社会の抜け道
行き過ぎた資本主義やグローバリズムに疑問を持ちながらも、どうやってこの社会で生きていけばよいのだろう?
そんな問いへのヒントが詰まった本がある。
『社会の抜け道』(小学館、2013)は、いまを時めく哲学者、國分功一郎氏*1と若者研究で知られる社会学者、古市憲寿氏*2の対談集。
タイトルの“社会の抜け道”とは、消費社会やグローバリズムといったイデオロギーにおけるオルタナティブな選択肢を指す。
古市氏は、前書きでこう書いている。
たとえ都会のど真ん中でも、資本主義のただ中にいても、人はただの操り人形ではない。そこで、僕たちは自分たちなりの社会の使い方を見つけることができる。(P7)

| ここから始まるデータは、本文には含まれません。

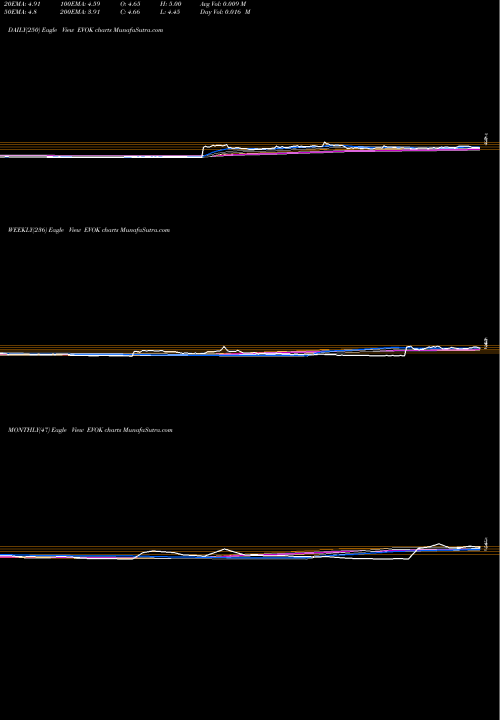 Trend of Evoke Pharma EVOK TrendLines Evoke Pharma, Inc. EVOK share NASDAQ Stock Exchange 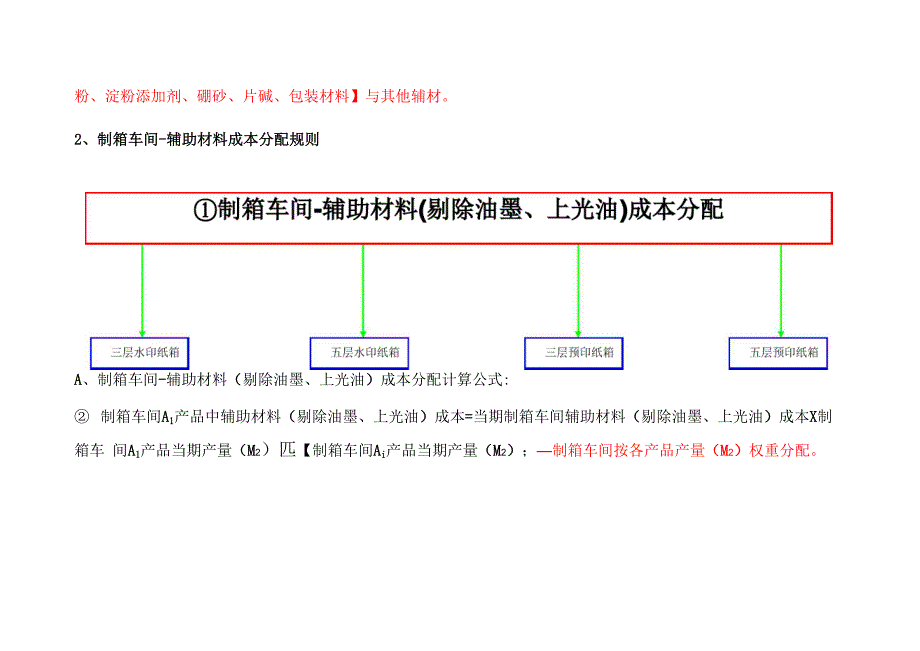 纸板纸箱成本计算公式_第4页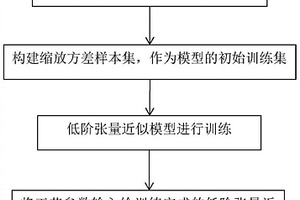 基于缩放方差采样的近阈值电路延时估计方法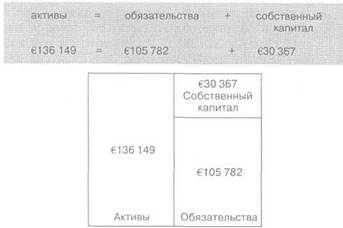 показатели деятельности фирмы 2 страница - student2.ru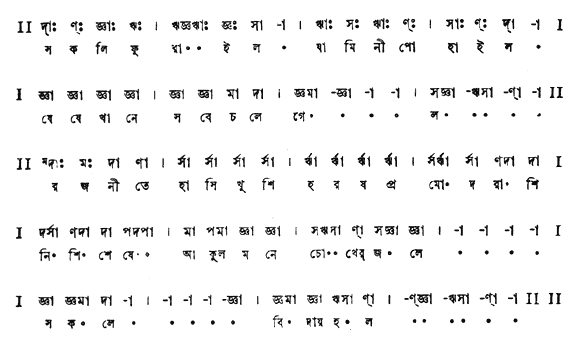 সকলই ফুরাইল যামিনী পোহাইল (প্রেম ও প্রকৃতি) – লিরিক্স – রবীন্দ্রনাথ ঠাকুর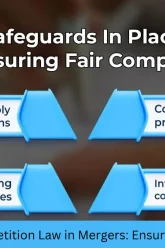 antitrust and competition law in mergers ensuring fair competition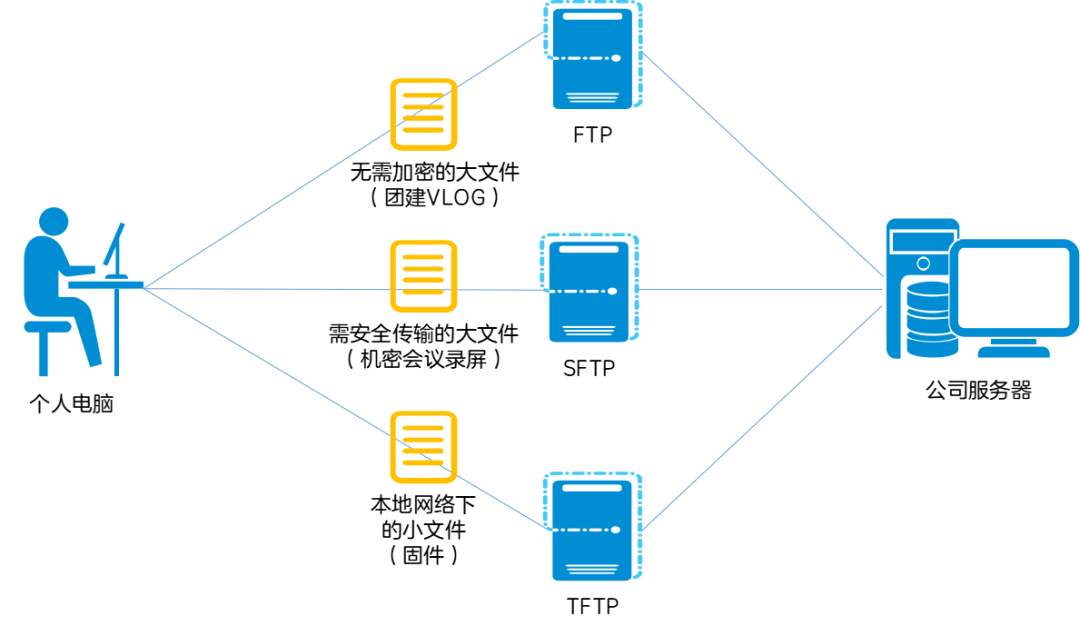 TCP通信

両氏とも、革命による劇的な変化ではなく、身近なところからできる社会の変革を唱えている。
何か革命的なものによって消費社会や資本主義が終了して、新しい社会になるなんてありえない。いまある経済システムは残るけれど、そこに新しい経済の在り方が上書きされていく、そういう形でしかシステムの変更は考えられないと思う。(國分氏)(P58)
自給自足の生活を実践しているコミュニティについて語っている章が興味深い。
このコミュニティの人々は、反資本主義を主張するために自給自足を行っているのではない。社会変革を目指しているわけでもない。有機農業それ自体に楽しみを見出だしている。だからこそ継続できる。
以前、このブログで紹介した非電化工房の藤村靖之氏も著書に書いていたが、“人は正しいことが好きなのではなく楽しいことが好き”なのだ。
楽しみながらやるというのは、今後の大きなキーワードだと思う。
声高に政治や社会の在り方を批判してもあまり意味が無い。
大きなことはできないけれど、自分にできる範囲で善いことを楽しみながら行う。
場合によっては、同調する人たちが現れて、それが大きな流れとなって社会の変革につながるのかもしれない。
いまの時代をどう生きるか。示唆に富んだ一冊だ。